Until recently, of course, the big crisis with “consciousness-altering technologies” has involved pharmacology, where our experience has not been auspicious. Even as we fail to get a handle on such “low-tech” consciousness-altering agents as cocaine, heroin, and PCP, we are encountering the high-tech world of “designer drugs.” In World Monitor, Mathea Falco, former Assistant Secretary of State for International Narcotics Matters, wrote, “Present trends, all but unnoticed now, suggest . . . a massive switch away from imported drugs to homegrown and domestically manufactured ones. . . .” These include such recent synthetics as the extremely potent “ice,” a form of smokable methamphetamine; synthetic heroins; “Ecstasy”; “U4EUH”; and others.

Falco sensibly predicts that all our current emphasis on interdiction at the borders — indeed, any “supply-side solution” to the drug problem — will move from the merely irrational to the altogether irrelevant within five years, thanks to technological advances in pharmacology.

Within ten years, however, the ability to alter consciousness via technological advances in electronics could make any current or future “drug problem” look like a weekend bender. These simulations will be several orders of magnitude beyond what today is rather over-ambitiously termed “virtual reality.”

Still embryonic, often little more than an advanced method for viewing computer graphics, virtual reality nonetheless promises to realize one of humanity’s most ancient dreams and one of science fiction’s favorite conceits: a human/computer “cyberspace” that allows the user to create a simulated experience so convincing as to be “virtually” indistinguishable from “real” reality.

We are probably describing the communications medium of the future, an inevitable and geometric leap beyond television. Like TV, no home will be without “VR.” In fact, because it will provide powerful experiences — not just pictures or talk about experience — mature virtual reality will be an essential technology for all societies. As a learning tool alone, it will be indispensable. Naturally, though, despite its many benefits and the best intentions of today’s VR innovators, this wonderful new tool will have two distinct and very sharp edges.

The Wall Street Journal already has virtual reality looming as “electronic LSD,” tarring VR with the brush of drug hysteria and panicking researchers across the country. In fact, of course, virtual reality will be whatever we make it, from the mundane to the sublime to the diabolical.

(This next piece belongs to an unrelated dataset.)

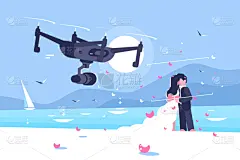 婚礼,在上面,平坦的,无人机,商务,四轴飞行器,新婚夫妇,监视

A recent Smithsonian article described such here-and-now applications as VR “surgery” occurring within a digitized model of the actual patient’s body, or architectural “walk-throughs” that allow designers and their clients to meander around a simulated building prior to construction. Specialists hope to create VR simulations of hazardous environments like nuclear accidents, toxic waste dumps, or space stations, so that one day workers will be able to remotely and accurately guide robots working on the actual site. Related simulation technologies are already advanced and on line for training pilots, tank commanders, and space-shuttle crews. We can have little doubt that there are highly developed, highly classified VR technologies simmering on back burners in the military-industrial kitchen.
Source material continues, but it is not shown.